The invention relates to a target detection method based on a double-path parallel attention mechanism, which replaces an original self-attention module with a double-path parallel attention module, captures global and local characteristics through different branches and enables a model to better extract image characteristics. The channel attention module replaces a feed-forward network to aggregate the characteristics, so that the model focuses more on the information of the characteristic channel dimension rather than the information of the space dimension. The method can reduce the parameter quantity of the model, accelerate the convergence of the model and improve the performance of the model.

The above-mentioned contents only illustrate the technical idea of the present invention, and the protection scope of the present invention is not limited thereby, and all the modifications made on the basis of the technical solution belong to the technical idea proposed by the present invention and fall within the protection scope of the claims of the present invention.

Claims

1. A target detection method based on a two-way parallel attention mechanism is characterized by comprising the following steps:

step 1, preparing a data set required by model training;

step 2, downloading the COCO2017 data set to a local computer, and then putting the data into a corresponding folder according to a format;

step 3, configuring a deep learning environment;

and 5, sending the verification set images in the data set into the target detection model for verification according to the target detection model obtained in the step 4 to obtain the precision of the model.

2. The target detection method based on the two-way parallel attention mechanism according to claim 1, characterized in that the step 1: org download model training the data set required to log in the web page, download the COCO2017 to the local computer.

3. The target detection method based on the two-way parallel attention mechanism according to claim 1, wherein the step 2: the data set comprises four parts, namely a training set image, a training set annotation file, a verification set image and a verification set annotation file, a folder named data is created in a project file, three folders are created in the folder and named as train2017, val2017 and annotations respectively, the training set image is placed in the train2017 folder, and the verification set image is placed in the val2017 folder, the training set annotation file and the verification set annotation file are placed in the annotations folder.

4. The target detection method based on the two-way parallel attention mechanism according to claim 1, wherein the step 3: the deep learning environment is built by adopting PyTorch of the Facebook institute of artificial intelligence as a deep learning framework and adopting Wuban image 20.04 system, python version 3.7, pytrch 1.10.0 and CUDA 11.3.
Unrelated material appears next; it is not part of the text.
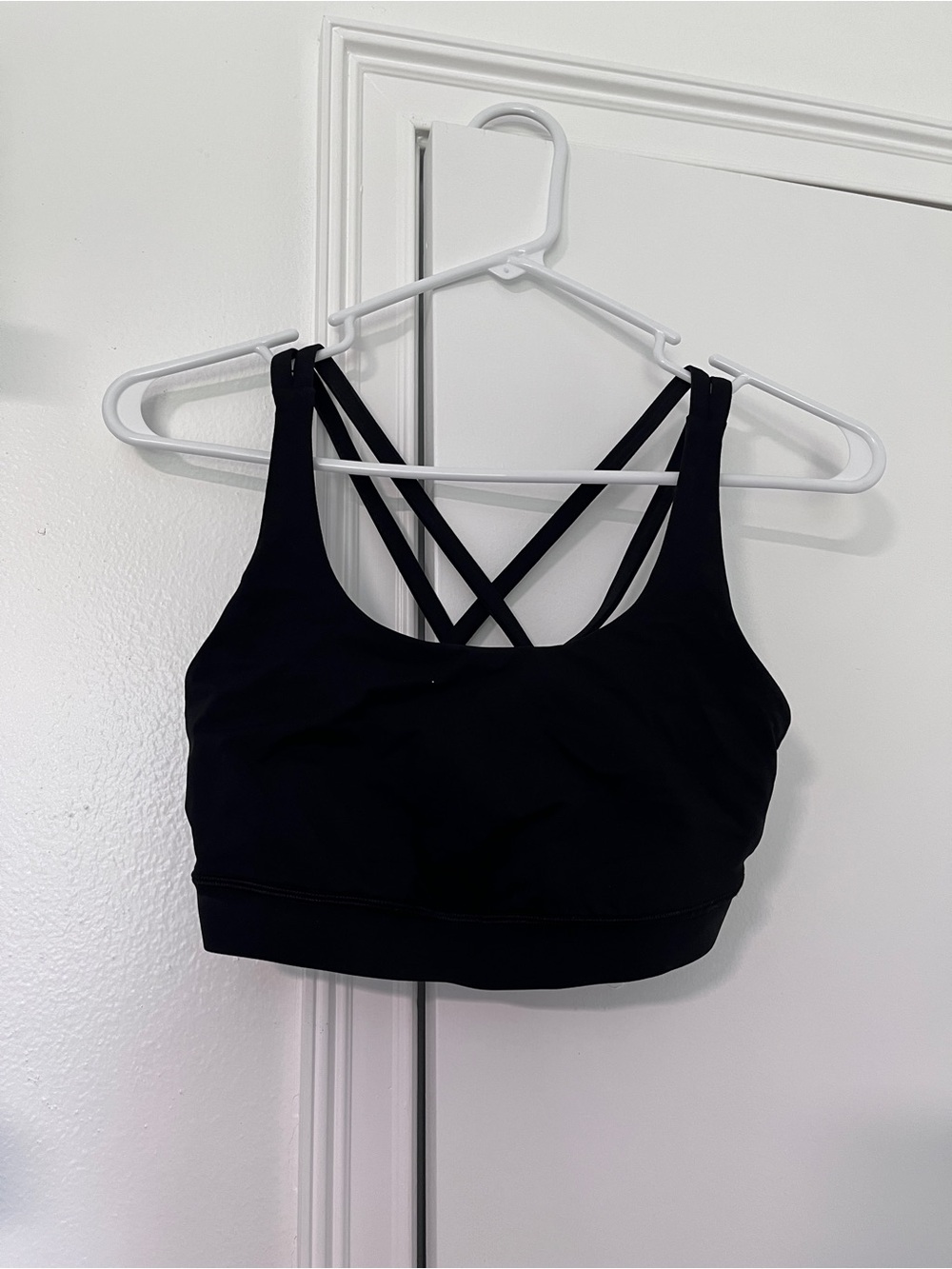lululemon athletica Black Strappy Cross-Back Sports Bra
5. The target detection method based on the two-way parallel attention mechanism according to claim 1, characterized in that the step 4: inputting the training set images in the data set into a target detection network based on a two-way parallel attention system for iterative training, inputting the images, extracting image characteristics by using a trunk part of the target detection network based on a structure self-adaptive attention system, inputting the characteristics into a target detection model based on the two-way parallel attention system for iterative training, finally training a target detection model, setting a parameter learning rate to be 0.0001, training the model for 50 rounds, setting a weight attenuation rate to be 0.1, beginning attenuation in a 40 th round, setting the batch size to be 8, and querying the number to be 100, wherein a piece of Yingwei Dazhao display card is arranged.

6. The target detection method based on the two-way parallel attention mechanism according to claim 1, characterized in that the step 5: and (4) inputting the verification set images in the data set into a trained target detection model for detection according to the insulator defect model obtained in the step (4), and calculating the precision of the model.